Only an exact copy of the lines from the one containing "Hands of a worker" through the last line of the material below belongs in the answer, with no pictures.

Material provided:
......

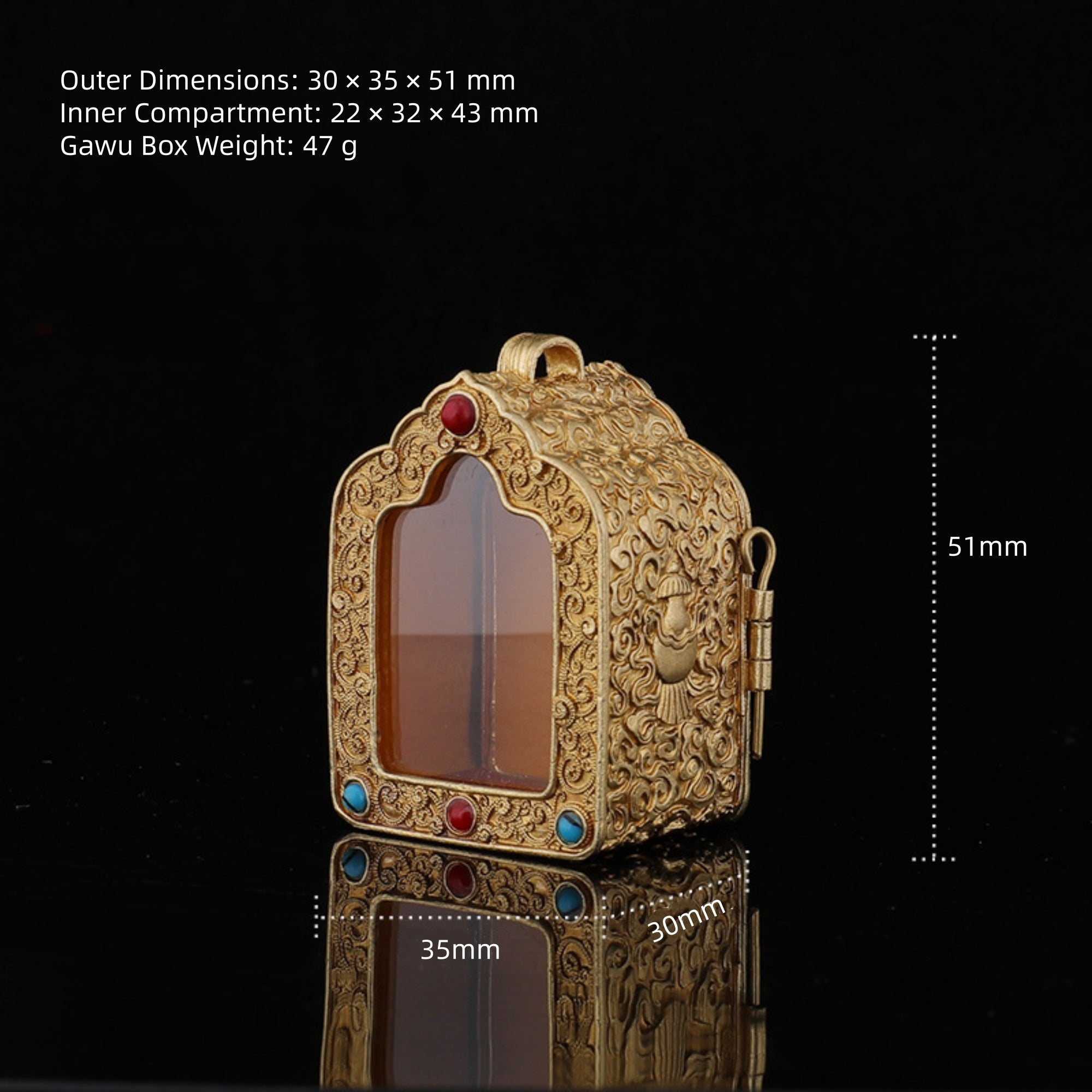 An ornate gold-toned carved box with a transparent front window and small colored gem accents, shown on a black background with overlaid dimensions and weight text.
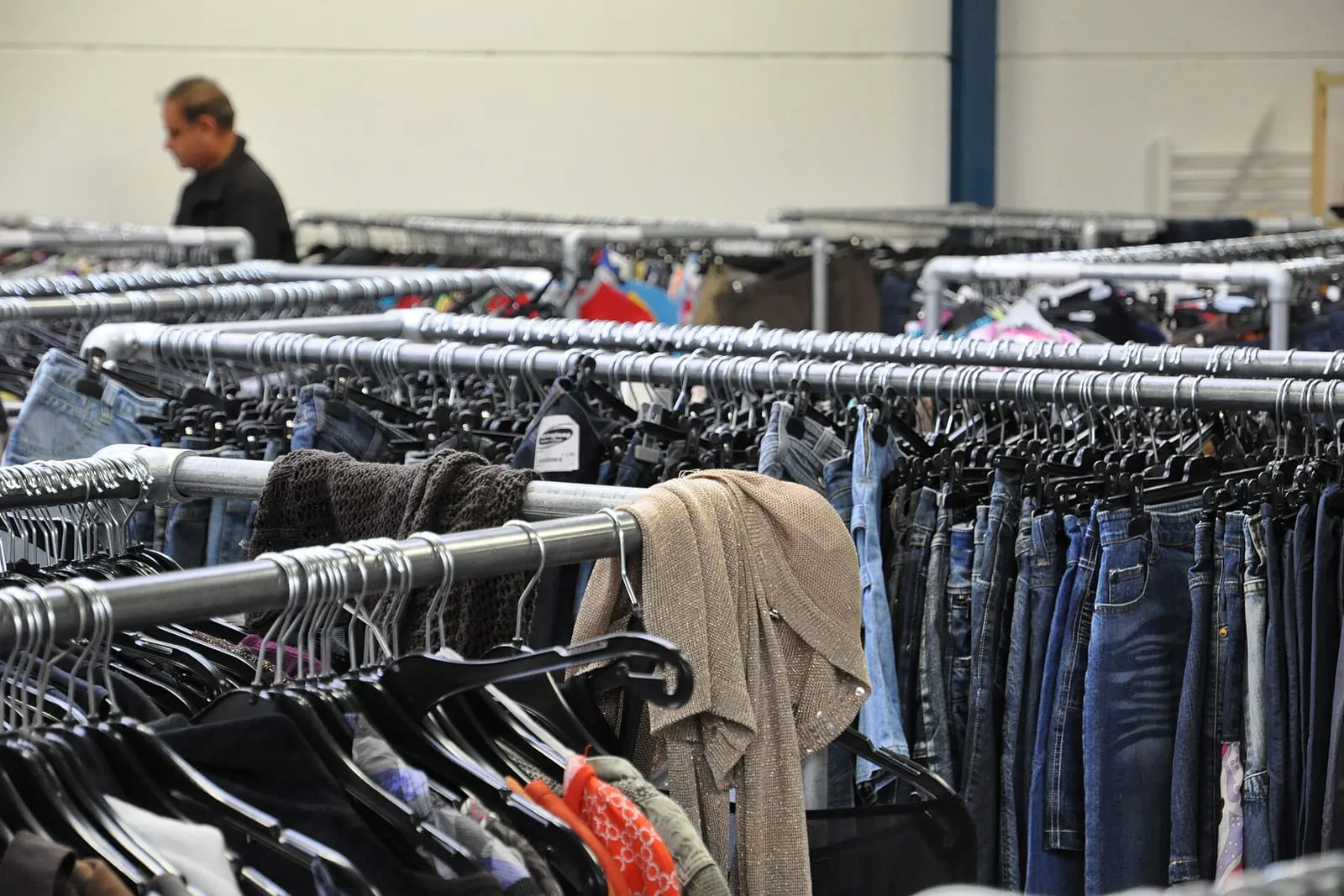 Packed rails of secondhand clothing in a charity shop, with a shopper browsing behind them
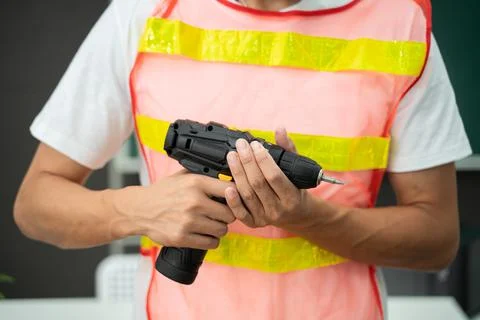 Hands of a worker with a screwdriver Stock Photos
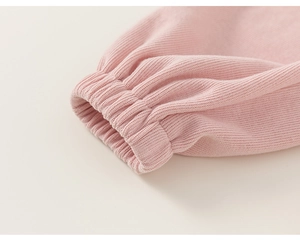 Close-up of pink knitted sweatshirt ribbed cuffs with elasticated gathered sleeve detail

......

Answer section:
 Hands of a worker with a screwdriver Stock Photos
 Close-up of pink knitted sweatshirt ribbed cuffs with elasticated gathered sleeve detail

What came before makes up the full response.